Click here for the hard truth about the current job marketAugust 31, 2015 8:50
Diversification falls back as debt crisis takes centre stage
Frontier debt traditionally appeals to institutional funds because it provides diversification. But as risk aversion grows and liquidity falls, this is no longer happening, even in the GCC.
November 28, 2011 3:59 by Reuters
The escape route from risky peripheral euro zone debt into higher-yielding emerging markets is becoming increasingly tortuous, as the debt crisis marries the performance of all assets closer together.
Frontier debt traditionally appeals to institutional funds because of the opportunities it provides for diversification. But as risk aversion grows and liquidity falls, this is no longer happening.
Several exotic emerging market borrowers have launched bonds this year, just when countries like Greece and Italy have suffered multiple ratings downgrades and spiralling yields, freezing them out of international capital markets.
Emerging markets at first kept some distance from the events of the euro zone, but global fear of risk has removed that disconnect. As stress rises worldwide, the investment community is selling indiscriminately.
Fund managers and analysts point to some investment opportunities among Gulf borrowers, African sovereigns or the off-shore Chinese renminbi bond market, but choices are becoming increasingly limited.
“The number of our ‘buy’ recommendations is probably the lowest we have ever had on the sovereign side,” said Gabriel Sterne, economist at frontier markets brokerage Exotix, which specialises in higher-yielding emerging market debt.
“Even high-risk funds are still waiting for the bottom.”
Investors across the world have pulled out of euro zone debt and generally have shifted towards safe havens such as US Treasuries or gold.
PENSION AND INSURANCE FUNDS MUST CONTINUE TO FILL GAPS
But pension and insurance funds still need to make enough returns to pay out to their pensioners and policyholders, and emerging markets and corporate credit appeared at one time to have filled that gap.

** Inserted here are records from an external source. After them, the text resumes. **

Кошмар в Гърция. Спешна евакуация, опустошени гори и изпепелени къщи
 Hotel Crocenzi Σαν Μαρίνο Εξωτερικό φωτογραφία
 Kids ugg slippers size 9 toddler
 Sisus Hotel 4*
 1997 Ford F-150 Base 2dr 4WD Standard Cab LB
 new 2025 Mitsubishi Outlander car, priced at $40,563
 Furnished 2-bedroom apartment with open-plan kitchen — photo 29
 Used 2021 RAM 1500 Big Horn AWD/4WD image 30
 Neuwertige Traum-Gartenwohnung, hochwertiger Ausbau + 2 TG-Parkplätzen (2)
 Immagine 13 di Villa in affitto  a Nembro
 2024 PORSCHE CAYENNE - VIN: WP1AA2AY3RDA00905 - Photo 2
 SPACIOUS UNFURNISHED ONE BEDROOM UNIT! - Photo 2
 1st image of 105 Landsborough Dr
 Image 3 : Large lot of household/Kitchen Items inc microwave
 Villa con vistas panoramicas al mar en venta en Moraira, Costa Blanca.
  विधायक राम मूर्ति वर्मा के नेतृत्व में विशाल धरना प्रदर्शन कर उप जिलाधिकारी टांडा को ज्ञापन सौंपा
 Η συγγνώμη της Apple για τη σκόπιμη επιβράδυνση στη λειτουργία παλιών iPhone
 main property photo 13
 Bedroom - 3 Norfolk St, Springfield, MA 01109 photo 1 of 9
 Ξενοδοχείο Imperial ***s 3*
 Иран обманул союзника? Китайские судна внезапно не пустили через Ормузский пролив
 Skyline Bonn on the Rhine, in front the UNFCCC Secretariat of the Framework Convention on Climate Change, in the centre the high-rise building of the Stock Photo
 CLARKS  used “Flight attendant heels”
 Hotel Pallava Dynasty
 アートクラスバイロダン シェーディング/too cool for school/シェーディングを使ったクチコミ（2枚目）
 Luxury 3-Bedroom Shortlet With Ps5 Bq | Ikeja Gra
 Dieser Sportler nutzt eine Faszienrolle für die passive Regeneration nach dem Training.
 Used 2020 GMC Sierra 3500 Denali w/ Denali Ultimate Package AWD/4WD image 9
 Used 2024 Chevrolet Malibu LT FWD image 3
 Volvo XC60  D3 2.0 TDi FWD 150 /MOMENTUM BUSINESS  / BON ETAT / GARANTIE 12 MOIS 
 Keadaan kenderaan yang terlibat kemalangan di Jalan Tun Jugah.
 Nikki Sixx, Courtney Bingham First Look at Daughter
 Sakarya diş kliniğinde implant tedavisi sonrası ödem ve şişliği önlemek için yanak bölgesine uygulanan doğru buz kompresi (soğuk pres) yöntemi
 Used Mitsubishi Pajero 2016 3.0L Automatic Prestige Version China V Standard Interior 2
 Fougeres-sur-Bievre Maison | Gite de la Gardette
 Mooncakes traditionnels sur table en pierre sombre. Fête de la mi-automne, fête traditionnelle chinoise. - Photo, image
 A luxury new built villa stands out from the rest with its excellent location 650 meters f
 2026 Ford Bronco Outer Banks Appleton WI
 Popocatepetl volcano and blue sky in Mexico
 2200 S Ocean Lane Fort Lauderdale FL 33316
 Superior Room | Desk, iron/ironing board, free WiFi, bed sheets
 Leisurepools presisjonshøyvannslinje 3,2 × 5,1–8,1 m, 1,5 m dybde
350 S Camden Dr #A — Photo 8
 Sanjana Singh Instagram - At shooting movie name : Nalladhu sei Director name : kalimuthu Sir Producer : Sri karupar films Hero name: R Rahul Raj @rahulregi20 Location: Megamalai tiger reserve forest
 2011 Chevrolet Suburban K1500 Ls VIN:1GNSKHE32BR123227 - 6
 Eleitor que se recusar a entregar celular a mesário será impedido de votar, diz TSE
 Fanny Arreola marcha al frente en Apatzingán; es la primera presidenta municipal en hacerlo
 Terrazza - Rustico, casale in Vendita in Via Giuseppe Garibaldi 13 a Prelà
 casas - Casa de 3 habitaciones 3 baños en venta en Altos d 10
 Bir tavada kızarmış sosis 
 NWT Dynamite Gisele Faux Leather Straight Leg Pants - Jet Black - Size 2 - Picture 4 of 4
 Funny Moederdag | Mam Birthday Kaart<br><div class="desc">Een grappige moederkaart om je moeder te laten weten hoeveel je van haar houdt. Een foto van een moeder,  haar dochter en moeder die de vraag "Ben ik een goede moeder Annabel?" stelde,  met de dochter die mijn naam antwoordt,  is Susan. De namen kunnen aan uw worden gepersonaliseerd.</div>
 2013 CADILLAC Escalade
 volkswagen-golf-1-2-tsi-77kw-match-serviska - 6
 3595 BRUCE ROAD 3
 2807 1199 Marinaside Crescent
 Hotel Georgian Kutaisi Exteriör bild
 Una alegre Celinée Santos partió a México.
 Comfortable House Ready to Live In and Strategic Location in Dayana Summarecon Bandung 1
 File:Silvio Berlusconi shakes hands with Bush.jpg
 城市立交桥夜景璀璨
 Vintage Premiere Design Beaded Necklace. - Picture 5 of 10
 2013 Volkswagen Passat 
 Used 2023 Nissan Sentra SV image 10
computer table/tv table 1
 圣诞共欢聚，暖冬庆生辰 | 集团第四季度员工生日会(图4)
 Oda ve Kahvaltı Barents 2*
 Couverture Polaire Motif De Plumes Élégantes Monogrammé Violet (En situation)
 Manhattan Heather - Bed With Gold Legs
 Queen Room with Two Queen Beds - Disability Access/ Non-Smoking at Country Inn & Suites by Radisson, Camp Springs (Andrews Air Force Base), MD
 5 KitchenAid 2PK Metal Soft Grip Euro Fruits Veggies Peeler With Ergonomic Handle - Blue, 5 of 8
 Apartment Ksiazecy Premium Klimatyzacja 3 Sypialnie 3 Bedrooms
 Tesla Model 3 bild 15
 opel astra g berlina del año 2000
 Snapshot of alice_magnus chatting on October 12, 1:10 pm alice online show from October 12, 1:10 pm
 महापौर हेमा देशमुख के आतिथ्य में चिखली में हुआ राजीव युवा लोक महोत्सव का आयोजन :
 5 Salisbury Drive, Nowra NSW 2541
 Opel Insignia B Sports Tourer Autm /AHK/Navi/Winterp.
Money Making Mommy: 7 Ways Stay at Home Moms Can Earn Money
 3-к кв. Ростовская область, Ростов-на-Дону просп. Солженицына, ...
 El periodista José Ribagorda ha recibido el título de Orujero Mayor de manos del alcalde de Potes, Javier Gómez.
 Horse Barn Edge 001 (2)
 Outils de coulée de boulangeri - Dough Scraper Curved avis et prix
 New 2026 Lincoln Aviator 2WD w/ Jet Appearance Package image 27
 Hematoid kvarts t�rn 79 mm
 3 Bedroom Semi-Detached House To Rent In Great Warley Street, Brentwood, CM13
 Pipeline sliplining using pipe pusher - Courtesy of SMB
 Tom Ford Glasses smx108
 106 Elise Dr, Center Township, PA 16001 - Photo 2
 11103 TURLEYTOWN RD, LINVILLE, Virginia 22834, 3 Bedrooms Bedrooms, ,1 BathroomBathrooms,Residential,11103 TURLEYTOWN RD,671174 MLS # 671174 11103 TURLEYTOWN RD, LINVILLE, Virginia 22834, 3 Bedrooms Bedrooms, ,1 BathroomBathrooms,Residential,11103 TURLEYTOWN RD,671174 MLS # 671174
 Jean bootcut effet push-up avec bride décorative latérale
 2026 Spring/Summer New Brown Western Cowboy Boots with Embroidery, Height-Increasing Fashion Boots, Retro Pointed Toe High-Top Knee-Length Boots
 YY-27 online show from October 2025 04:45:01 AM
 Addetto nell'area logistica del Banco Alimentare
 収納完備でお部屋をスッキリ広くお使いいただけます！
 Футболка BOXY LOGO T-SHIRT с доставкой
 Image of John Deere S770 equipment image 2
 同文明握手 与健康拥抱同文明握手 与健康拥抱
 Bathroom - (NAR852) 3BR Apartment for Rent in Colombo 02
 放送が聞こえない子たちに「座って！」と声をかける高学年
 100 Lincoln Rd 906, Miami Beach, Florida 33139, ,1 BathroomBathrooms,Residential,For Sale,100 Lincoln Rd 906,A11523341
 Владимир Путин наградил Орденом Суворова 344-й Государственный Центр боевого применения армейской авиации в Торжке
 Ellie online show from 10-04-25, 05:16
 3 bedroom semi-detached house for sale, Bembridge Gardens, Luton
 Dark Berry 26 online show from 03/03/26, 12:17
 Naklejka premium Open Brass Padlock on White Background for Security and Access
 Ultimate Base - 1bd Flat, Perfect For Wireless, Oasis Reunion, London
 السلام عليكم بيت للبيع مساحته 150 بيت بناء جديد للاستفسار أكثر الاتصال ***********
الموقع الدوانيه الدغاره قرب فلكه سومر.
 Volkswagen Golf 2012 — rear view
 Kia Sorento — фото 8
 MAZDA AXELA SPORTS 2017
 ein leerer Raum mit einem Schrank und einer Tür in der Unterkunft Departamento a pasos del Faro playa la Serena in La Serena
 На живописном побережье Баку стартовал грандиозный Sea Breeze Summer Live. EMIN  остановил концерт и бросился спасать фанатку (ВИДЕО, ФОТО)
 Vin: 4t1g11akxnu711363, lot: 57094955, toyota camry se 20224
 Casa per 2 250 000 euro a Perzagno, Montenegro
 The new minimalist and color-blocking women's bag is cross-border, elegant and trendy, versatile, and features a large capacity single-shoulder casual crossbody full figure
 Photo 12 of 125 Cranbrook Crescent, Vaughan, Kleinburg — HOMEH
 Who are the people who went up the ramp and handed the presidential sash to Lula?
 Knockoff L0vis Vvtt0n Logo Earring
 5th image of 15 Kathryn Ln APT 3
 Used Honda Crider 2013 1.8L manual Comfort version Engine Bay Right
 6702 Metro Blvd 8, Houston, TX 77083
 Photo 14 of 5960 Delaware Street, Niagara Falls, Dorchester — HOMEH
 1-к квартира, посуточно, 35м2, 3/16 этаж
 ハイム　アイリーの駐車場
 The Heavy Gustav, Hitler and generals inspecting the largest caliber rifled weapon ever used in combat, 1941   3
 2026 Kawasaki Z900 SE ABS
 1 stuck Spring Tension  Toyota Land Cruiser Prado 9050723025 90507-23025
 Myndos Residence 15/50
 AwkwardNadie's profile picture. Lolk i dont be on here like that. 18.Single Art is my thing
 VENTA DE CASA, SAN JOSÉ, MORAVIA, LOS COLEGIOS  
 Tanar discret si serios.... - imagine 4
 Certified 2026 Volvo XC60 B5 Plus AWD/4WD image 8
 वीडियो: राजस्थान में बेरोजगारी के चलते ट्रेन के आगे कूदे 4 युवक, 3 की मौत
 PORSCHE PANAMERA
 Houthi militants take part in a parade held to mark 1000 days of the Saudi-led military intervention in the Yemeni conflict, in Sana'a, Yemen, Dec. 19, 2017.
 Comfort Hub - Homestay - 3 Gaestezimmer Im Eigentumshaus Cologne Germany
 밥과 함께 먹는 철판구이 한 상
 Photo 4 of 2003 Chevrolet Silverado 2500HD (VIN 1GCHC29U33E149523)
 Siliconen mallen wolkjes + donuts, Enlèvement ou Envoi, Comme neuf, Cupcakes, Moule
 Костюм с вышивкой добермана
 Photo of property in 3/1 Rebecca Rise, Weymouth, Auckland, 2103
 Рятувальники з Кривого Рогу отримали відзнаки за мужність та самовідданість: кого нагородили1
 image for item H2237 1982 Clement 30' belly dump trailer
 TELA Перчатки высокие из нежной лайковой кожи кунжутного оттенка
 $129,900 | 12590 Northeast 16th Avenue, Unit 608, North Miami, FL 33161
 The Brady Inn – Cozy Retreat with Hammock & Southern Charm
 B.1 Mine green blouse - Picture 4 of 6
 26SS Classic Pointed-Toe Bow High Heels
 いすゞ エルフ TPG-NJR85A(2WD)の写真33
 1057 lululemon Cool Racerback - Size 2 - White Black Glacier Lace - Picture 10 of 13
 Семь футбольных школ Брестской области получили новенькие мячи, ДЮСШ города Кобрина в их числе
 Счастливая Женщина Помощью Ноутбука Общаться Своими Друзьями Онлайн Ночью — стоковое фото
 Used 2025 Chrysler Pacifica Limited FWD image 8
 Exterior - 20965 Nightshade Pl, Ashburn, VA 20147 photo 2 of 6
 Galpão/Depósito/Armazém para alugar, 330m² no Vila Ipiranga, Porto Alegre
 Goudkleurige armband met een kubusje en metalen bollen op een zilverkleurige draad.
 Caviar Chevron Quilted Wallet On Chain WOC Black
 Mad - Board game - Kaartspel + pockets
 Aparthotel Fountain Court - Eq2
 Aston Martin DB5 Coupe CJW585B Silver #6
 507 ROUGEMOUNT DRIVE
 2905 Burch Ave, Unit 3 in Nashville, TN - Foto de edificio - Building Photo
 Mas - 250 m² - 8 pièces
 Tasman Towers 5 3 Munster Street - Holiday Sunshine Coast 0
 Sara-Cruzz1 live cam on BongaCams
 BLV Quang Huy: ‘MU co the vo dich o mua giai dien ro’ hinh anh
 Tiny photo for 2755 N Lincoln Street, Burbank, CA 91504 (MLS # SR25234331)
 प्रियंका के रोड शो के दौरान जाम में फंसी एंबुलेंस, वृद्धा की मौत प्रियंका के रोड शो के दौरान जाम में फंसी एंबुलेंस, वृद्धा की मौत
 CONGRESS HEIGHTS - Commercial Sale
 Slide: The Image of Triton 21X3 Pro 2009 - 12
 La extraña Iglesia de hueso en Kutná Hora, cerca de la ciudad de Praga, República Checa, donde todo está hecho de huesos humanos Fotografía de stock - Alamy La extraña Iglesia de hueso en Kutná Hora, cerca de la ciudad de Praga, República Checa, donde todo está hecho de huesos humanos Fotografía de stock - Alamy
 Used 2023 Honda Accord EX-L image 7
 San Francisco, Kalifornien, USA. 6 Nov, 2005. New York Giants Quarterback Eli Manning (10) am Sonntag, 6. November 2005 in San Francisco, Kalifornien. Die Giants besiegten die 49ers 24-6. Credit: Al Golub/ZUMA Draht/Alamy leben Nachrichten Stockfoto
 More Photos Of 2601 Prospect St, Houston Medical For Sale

Buying emerging market debt was a good trade earlier this year, when yields were stable and local currencies were strong. Local currency debt funds in particular saw huge inflows, and yields in countries like South Africa reached record lows.
But the tide has turned, particularly since September, when the focus switched to rising yields in Italy, one of the world’s largest bond markets.
On Exotix’s index of correlation between frontier markets, first measured in 2008, “frontier sovereign spreads have never been as correlated as they are at the moment,” the broker said in a note.
This means investors are largely turning away from picking out individual borrowers based on local fundamentals. The level of correlation beats even the links between frontier markets during the frenzy after the collapse of Lehman Brothers in Sept 2008.
HSBC’s Risk-On Risk-Off (RORO) index, which measures correlations between 34 asset classes in the more liquid developed markets, is at its highest ever.
“Emerging market fundamentals are good but the markets do not have liquidity,” said Philip Poole, head of investment strategy at HSBC Global Asset Management.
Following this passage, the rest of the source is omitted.